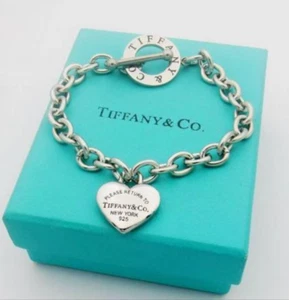 Bracelet Tiffany & Co avec étiquette cœur vierge à bascule en argent sterling Japon F/S - Photo 1/6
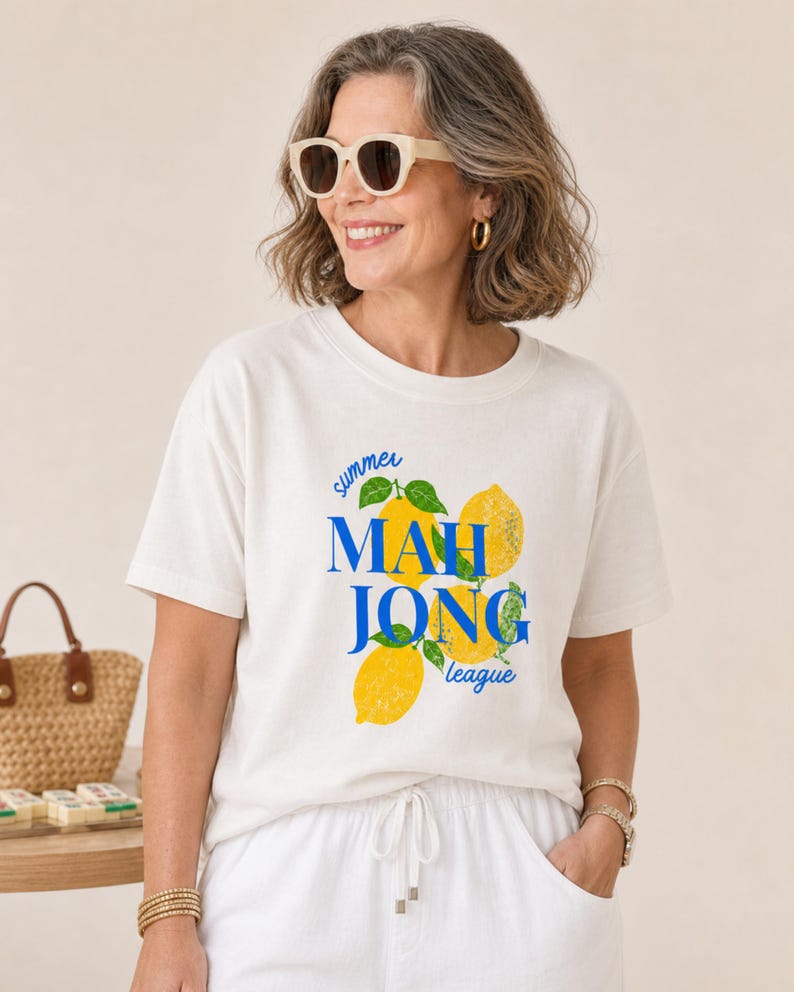 May include: A cream-colored short-sleeve t-shirt featuring a graphic print of yellow lemons with green leaves and the blue text "summer MAH JONG league" centered on the front. The shirt has a crew neckline and a relaxed fit.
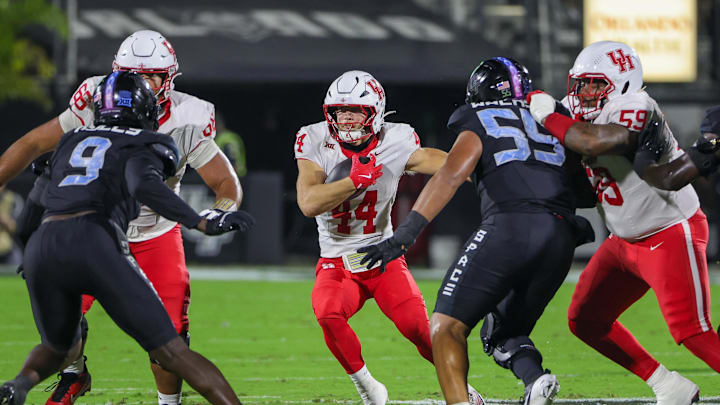 Nov 7, 2025; Orlando, Florida, USA; Houston Cougars running back Dean Connors (44) runs the ball as UCF Knights defensive tackle John Walker (55) moves in during the first quarter at Acrisure Bounce House. Mandatory Credit: Mike Watters-Imagn Images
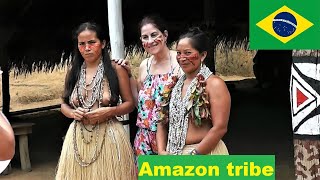 Amazon tribe in the rainforest [upl. by Saddler]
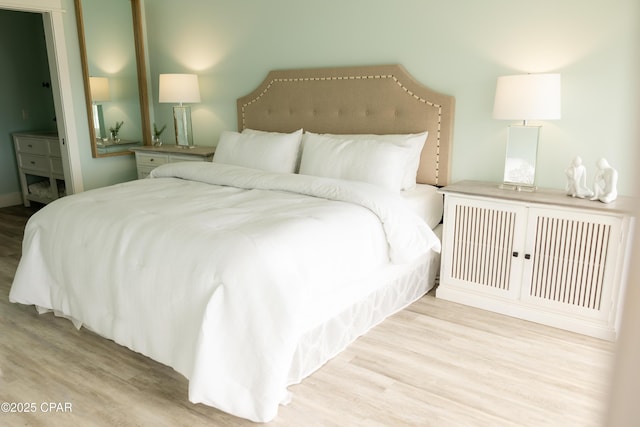 bedroom featuring wood finished floors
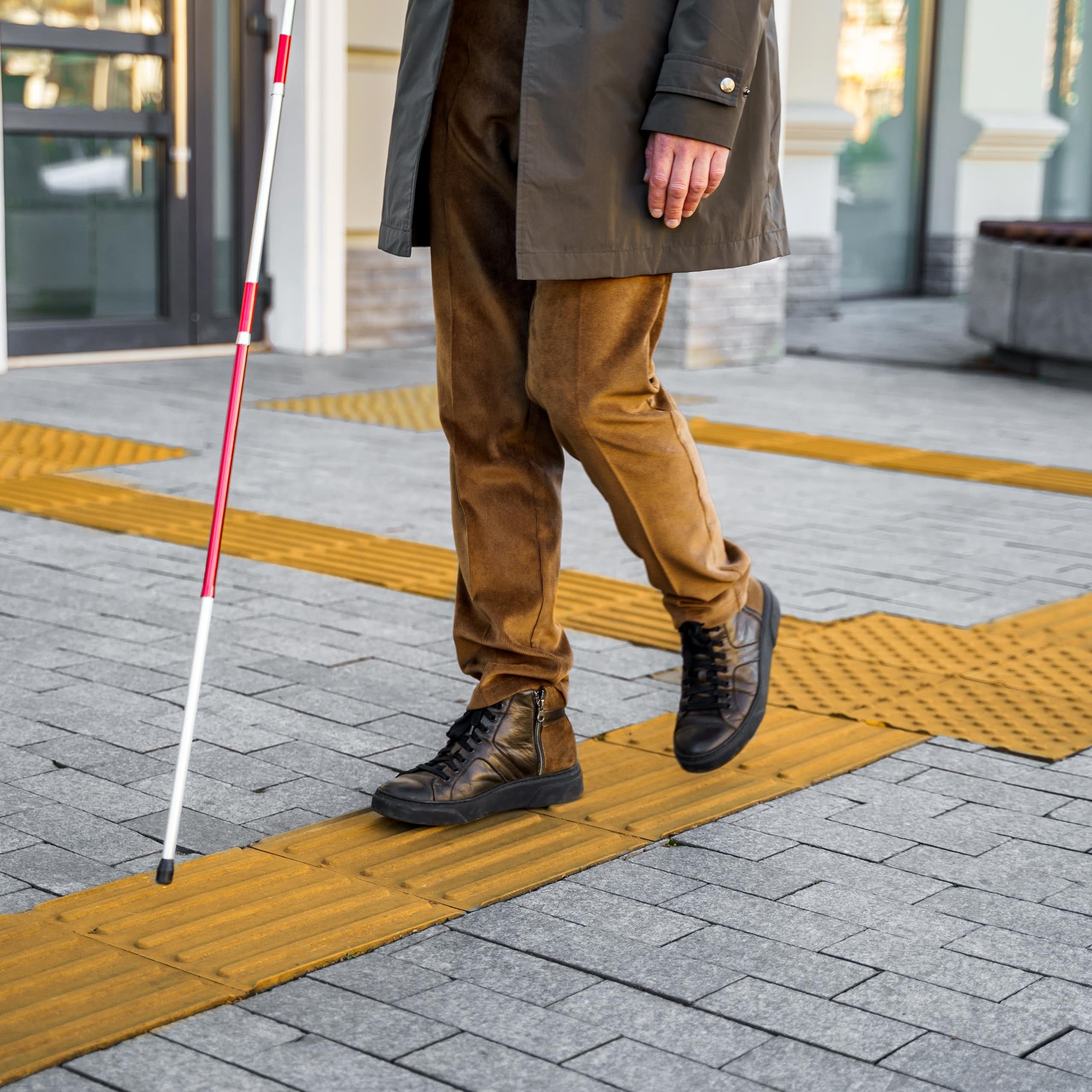 a man with a cane walks along a sidewalk with textured yellow surfaces
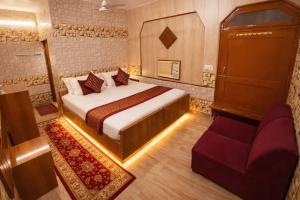 a hotel room with a bed and a couch at Tripathi's Rampath Inn Ayodhya in Ayodhya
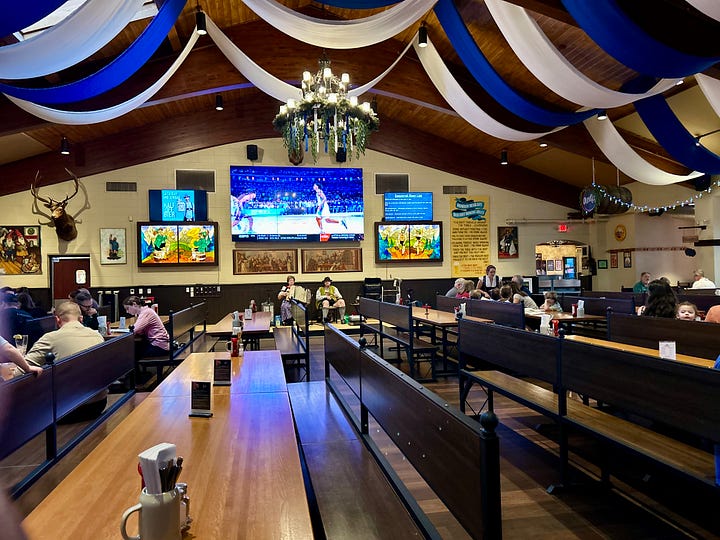 food, beer, stein, hall, tables, chairs, sign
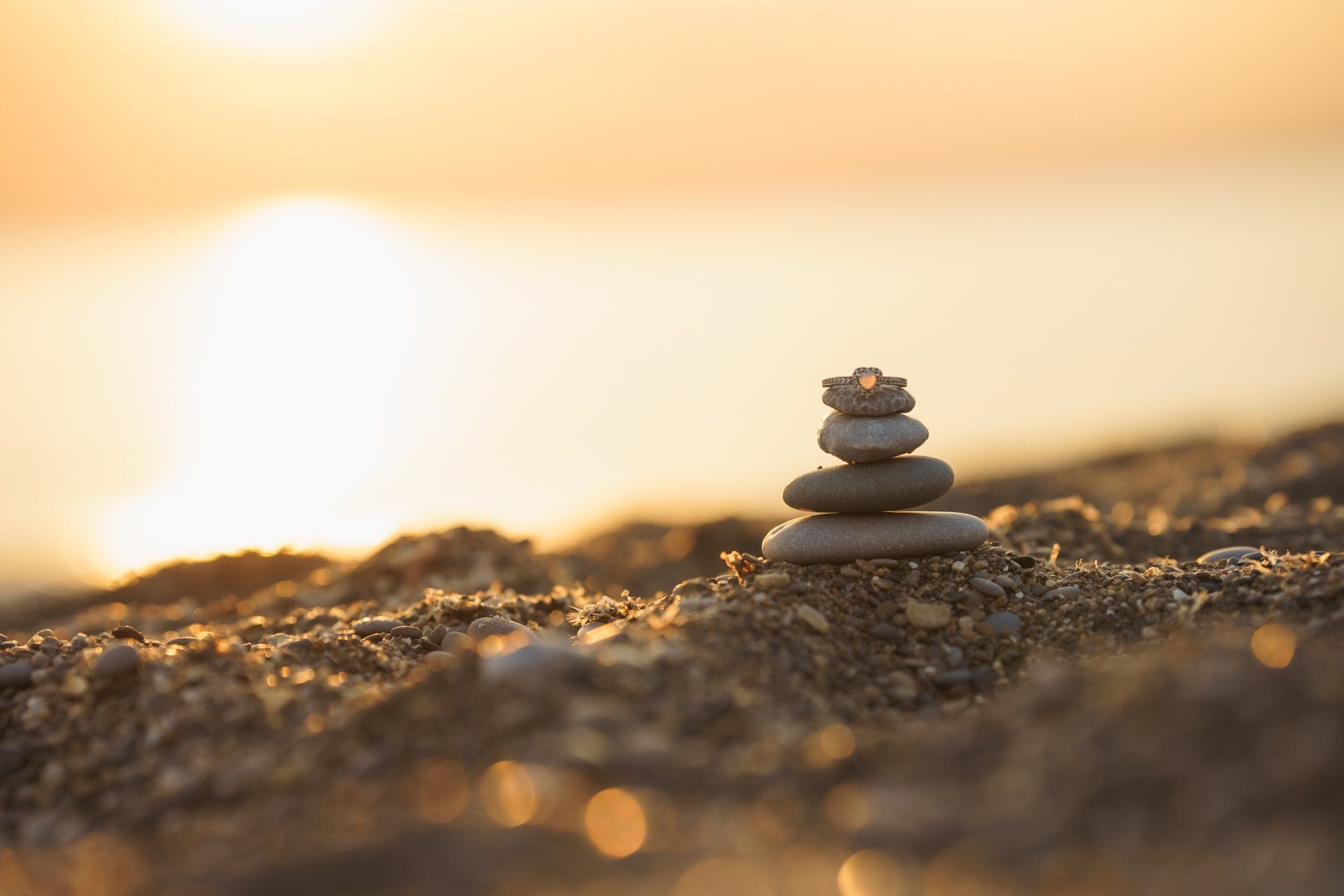 A pile of rocks stacked on top of each other on a beach at sunset.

---

** WORK TO BE COMPLETED **
Pictures excluded, copy the lines exactly from where the material starts to the line with "bedroom featuring wood finished floors", inclusive.

** ANSWER BELOW **
 Bracelet Tiffany & Co avec étiquette cœur vierge à bascule en argent sterling Japon F/S - Photo 1/6
 May include: A cream-colored short-sleeve t-shirt featuring a graphic print of yellow lemons with green leaves and the blue text "summer MAH JONG league" centered on the front. The shirt has a crew neckline and a relaxed fit.
 Nov 7, 2025; Orlando, Florida, USA; Houston Cougars running back Dean Connors (44) runs the ball as UCF Knights defensive tackle John Walker (55) moves in during the first quarter at Acrisure Bounce House. Mandatory Credit: Mike Watters-Imagn Images
 Amazon tribe in the rainforest [upl. by Saddler]
 bedroom featuring wood finished floors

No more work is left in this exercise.